The stock market meandered on Thursday, with no noteworthy news to give it direction. Major benchmarks never moved very far from where they began, while investors were distracted by the inability of the White House to achieve progress on policy initiatives and expressed concern regarding the approaching debt ceiling debate. Adding to the subdued mood was bad news from a number of individual companies. J.M. Smucker (NYSE:SJM), Hormel Foods (NYSE:HRL), and The Toro Company (NYSE:TTC) were among the worst performers on the day. Below, we'll look more closely at these stocks to tell you why they did so poorly.
Coffee crimps Smucker's quarter
Shares of J.M. Smucker fell 9.5% after the company's first-quarter report revealed lower demand for Folgers coffee. Revenue fell by 4%, and increases in marketing and higher commodity costs caused net income to plummeted 23% compared to the year-ago period. Due to these disappointing results, J.M. Smucker reduced its full-year earnings forecast, which now falls below analysts' expectations.
CEO Mark Smucker believes the company has the situation under control, stating, "[W]e have taken actions to improve our competitive positioning for Folgers. As a result, volume trends are improving. ... We are also pleased with the progress on our cost management programs." Investors seemed unconvinced.

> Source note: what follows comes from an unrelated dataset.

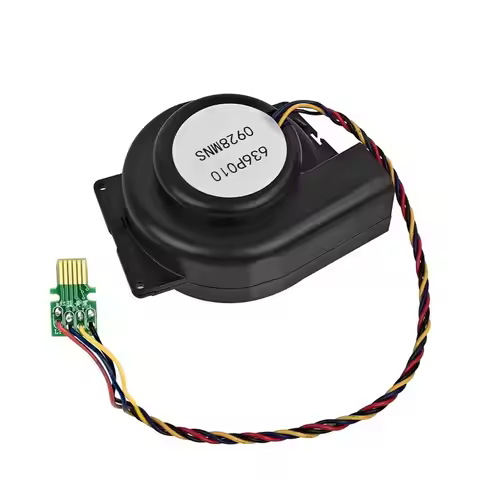 A72U Vacuum Cleaner Engine Ventilation Motor Fan Module for I1 I2 I3 I4 I5 I6 I7 I8 J5 J6 J7 Series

Hormel isn't bringing home the bacon
Hormel Foods stock dropped 5.4% after the company reported financial results that disappointed investors. The food purveyor, known for its Spam and Skippy brands, saw revenue fall 4% and earnings per share shrink 6%. Lower demand for Jennie-O Turkey and Muscle Milk contributed the shortfall, which was partially offset by increased demand for bacon, pepperoni, and Wholly Guacamole. Also hitting results was the divestiture of the Farmer John brand, which was sold late last year. Hormel expects that its earnings will continue to suffer from higher input costs for pork and beef.

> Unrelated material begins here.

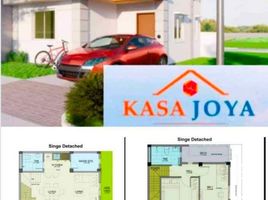 2 Bedroom House for sale in Santa Rosa City, Laguna, Santa Rosa City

The company stated that it paid its 356th consecutive quarterly dividend payment, which amounts to $0.68 annually. Hormel also announced that it has acquired Cidade do Sol, the Brazilian company popular for its Ceratti brand of premium lunch meats, which gives the company a stake in the growing Latin American market. Nevertheless, shareholders seemed concerned that progress was slow in coming.
Toro shares get trimmed
Finally, Toro stock plunged 8.7% despite record financial results. The lawn care equipment company reported third-quarter sales in its professional segment jumped 9.5%, while residential sales fell 9.3%, resulting in an overall increase of 4.5% compared to the year-ago quarter. Toro was also able to leverage its expenses across higher sales, resulting in improved margins and earnings that increased 22%. CEO Richard Olson was encouraged, saying, "We are pleased to deliver strong results for the quarter driven by positive momentum in our professional segment. Innovative new offerings across our professional portfolio fueled the growth."
Investors seemed to focus on the recent run-up in shares, which have gained 29% in the last year. Even given Toro's record results, the stock may have simply gotten ahead of itself.